Caption-style text data
_ _ _ _ _ _ _
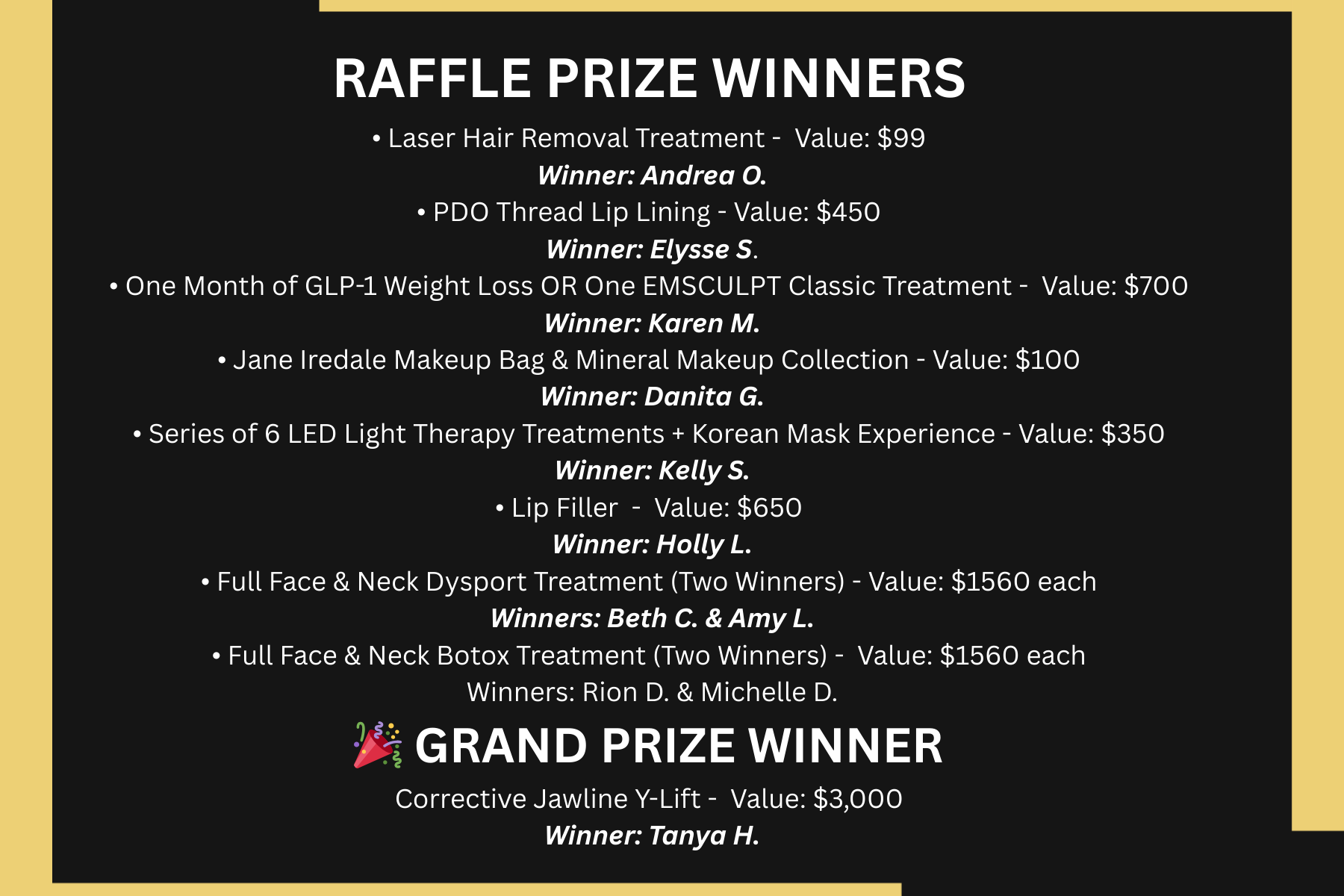 graphic with our raffle winners from our holiday glow event 2025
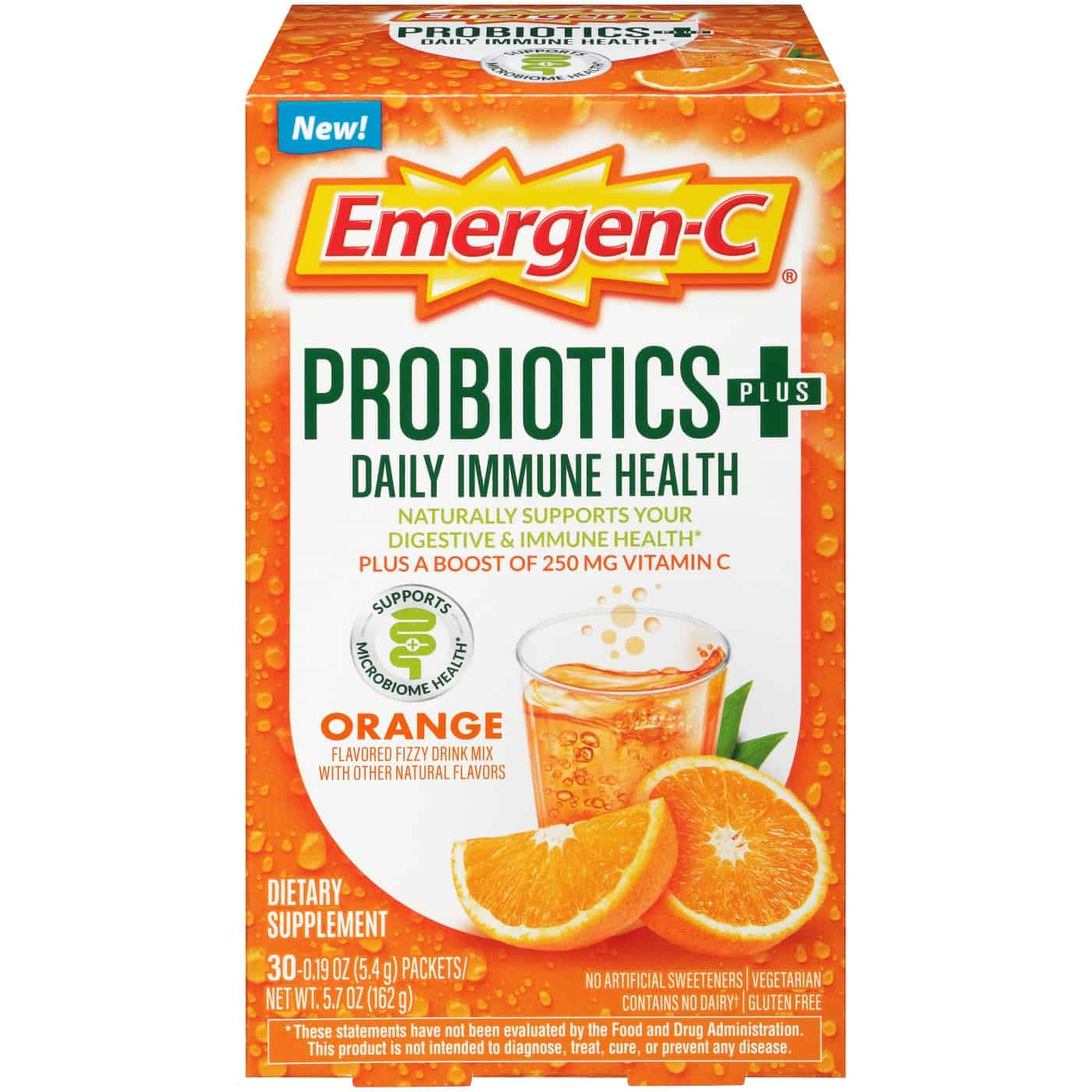 A box of orange flavored probiotics for daily immune health.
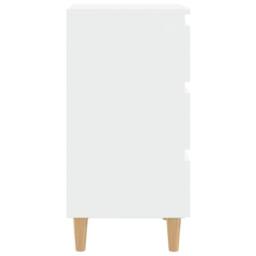 Berkfield Home Sturdy Bed Cabinet with Solid Wood Legs White 40x35x69 cm - Size: 40 x 35 x 69 cm - thumbnail 6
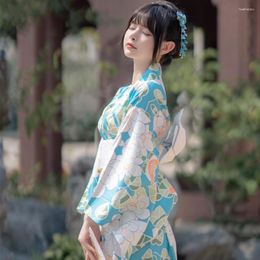 Ethnic Clothing Japan Style Women's Traditional Kimono Floral Prints Summer Yukata Retro Long Dress Cosplay Costume Performing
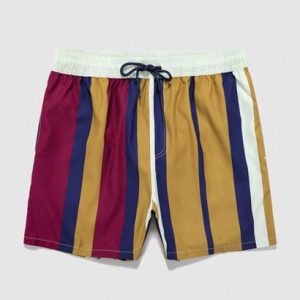 Drawstring Striped Pocket Beach Shorts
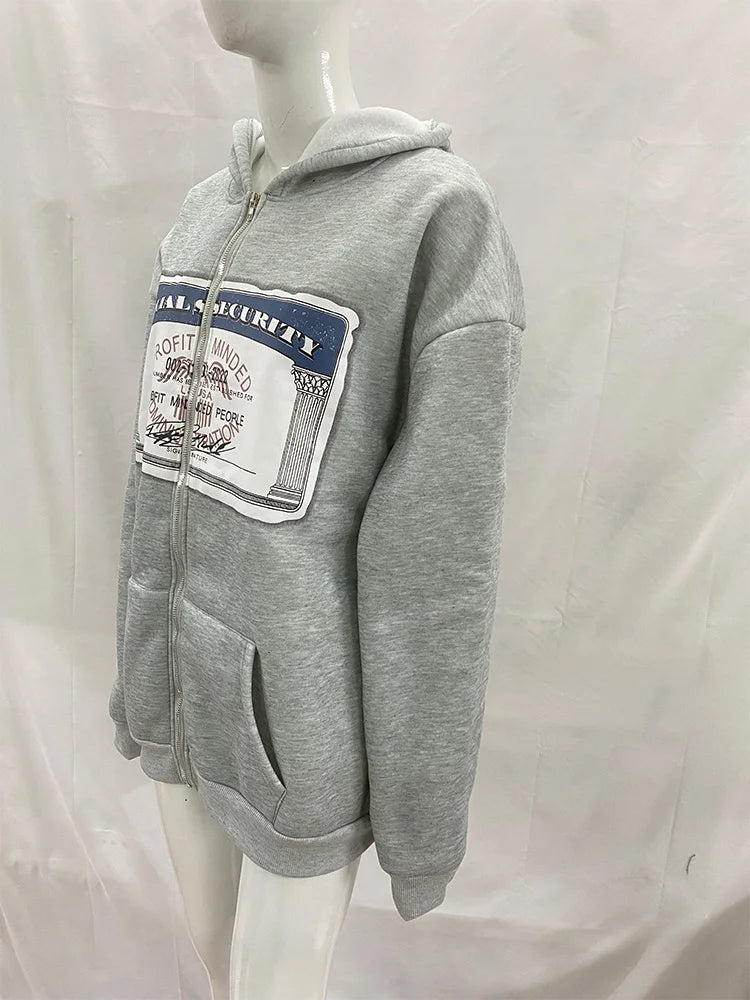 Men’s Hoodie Zip-Up Warm Casual Graphic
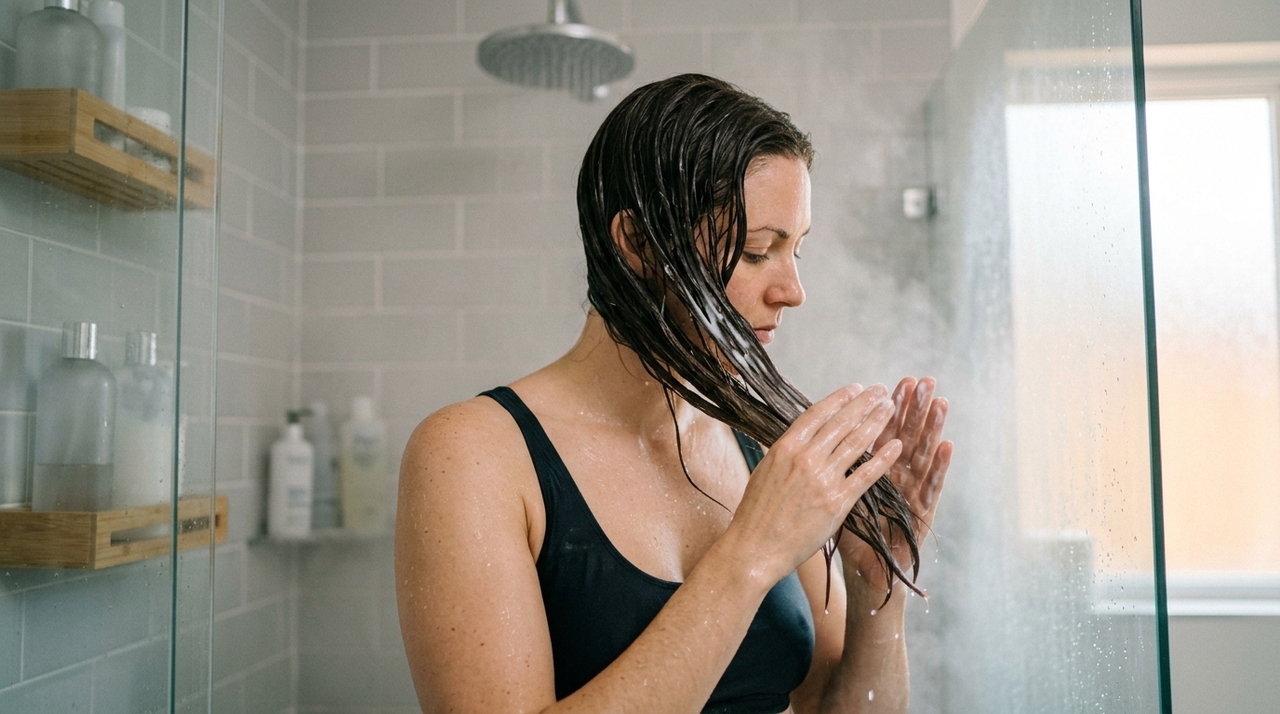 O condicionador facilita o desembaraço e torna o cabelo mais fácil de manejar.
_ _ _ _ _ _ _
With the pictures omitted, give every line above again exactly.

 graphic with our raffle winners from our holiday glow event 2025
 A box of orange flavored probiotics for daily immune health.
 Berkfield Home Sturdy Bed Cabinet with Solid Wood Legs White 40x35x69 cm - Size: 40 x 35 x 69 cm - thumbnail 6
 Ethnic Clothing Japan Style Women's Traditional Kimono Floral Prints Summer Yukata Retro Long Dress Cosplay Costume Performing
 Drawstring Striped Pocket Beach Shorts
 Men’s Hoodie Zip-Up Warm Casual Graphic
 O condicionador facilita o desembaraço e torna o cabelo mais fácil de manejar.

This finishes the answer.